Okay, so I dove into this Tsitsipas vs. Jarry prediction thing. Thought it’d be a fun little project. Here’s how it all went down.

First things first: Data, Data, Data! I started by scraping a bunch of tennis data. Match results, player stats, the whole shebang. I focused on Tsitsipas and Jarry, naturally, but also grabbed data on their opponents and playing conditions.
Next up, cleaning the mess. Let’s be honest, raw data is never clean. Missing values, inconsistencies… ugh. I spent a good chunk of time filling in the blanks, standardizing formats, and making sure everything was actually usable.
Feature Engineering Time. This is where it got interesting. I started calculating some potentially useful stats. Win percentages on different surfaces, head-to-head records, recent form (wins/losses in the last X matches), average number of aces, break point conversion rates… You name it, I tried it. I wanted to capture every possible advantage either player might have.
Then I loaded all the features into a model. Started with a simple logistic regression to get a baseline. Figured, hey, it’s easy to understand and quick to train. It spit out a prediction, but honestly, it wasn’t that great. Accuracy was hovering around 60%, which is barely better than a coin flip. Back to the drawing board!

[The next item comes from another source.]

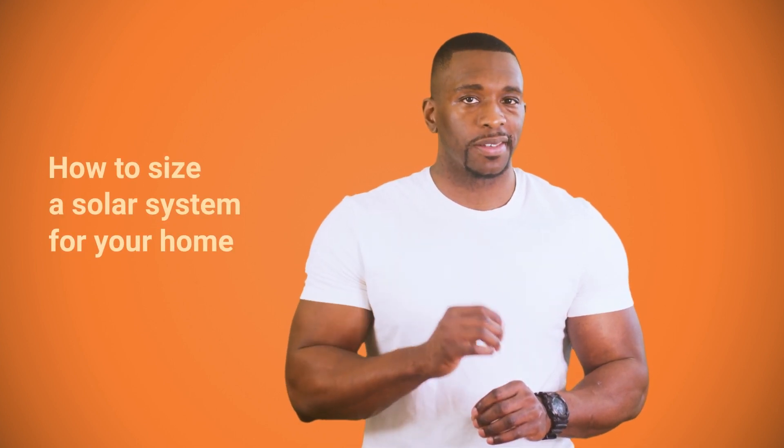According to a Pew Research Center survey, 9 out of 10 Americans want the country to use more solar power, and about half of U.S. homeowners say they have given serious thought to adding solar panels to their homes. However, only around 8% of households already have solar systems installed. Why so few? Well, surely some start planning the system, but they give up halfway because figuring out how many solar panels you need can be difficult for a newcomer. That's why we made this video. I'm Brian, and today I'll explain in detail how to resize a solar system for your home.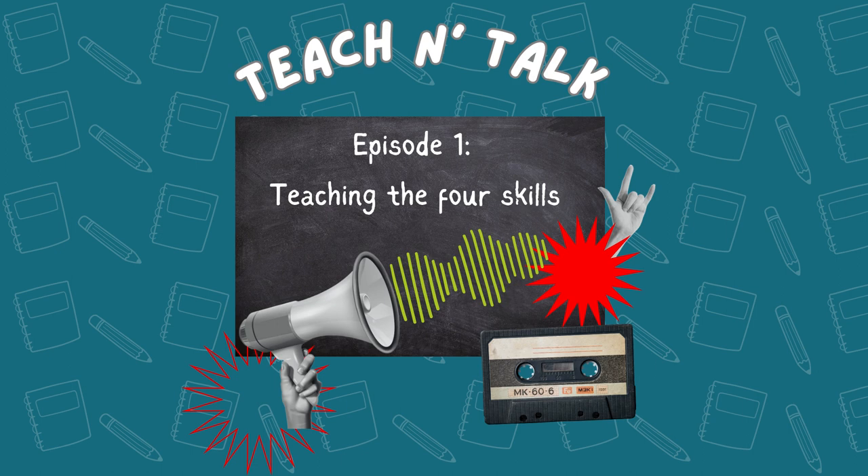Hello, I'm your host Gabriela, and I'm very glad to say welcome to the very first episode of our new podcast, Teaching Talk.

Tried other Models. Okay, so logistic regression wasn’t cutting it. I moved on to more complex stuff: Random Forests, Support Vector Machines, even dabbled with a basic neural network. Each model required some tuning, fiddling with hyperparameters to optimize performance.
Ran into overfitting at one point, where the model was performing great on the training data but terribly on the test data. Classic. Added regularization, simplified the model, and got things back on track.
The Random Forest seemed to be giving me the best results overall. The accuracy on my test set crept up to around 70-72%. Still not perfect, but definitely an improvement.
- Tsitsipas’ Strengths: Solid baseline game, good serve.
- Jarry’s Strengths: Powerful serve, aggressive style.
The Final Prediction? After all that, my model gave Tsitsipas a 65% chance of winning. Jarry’s got a puncher’s chance with his serve, but Tsitsipas is generally more consistent.

Of course, tennis is unpredictable. Anything can happen on the day. Players have off days, injuries pop up, the crowd can play a factor… So take it with a grain of salt. But hey, that’s the fun of it, right?
I did learn a lot doing this, though. Data cleaning is a pain, feature engineering is where the magic happens, and model selection is crucial. And even with all that, you’re still just making an educated guess. Good times!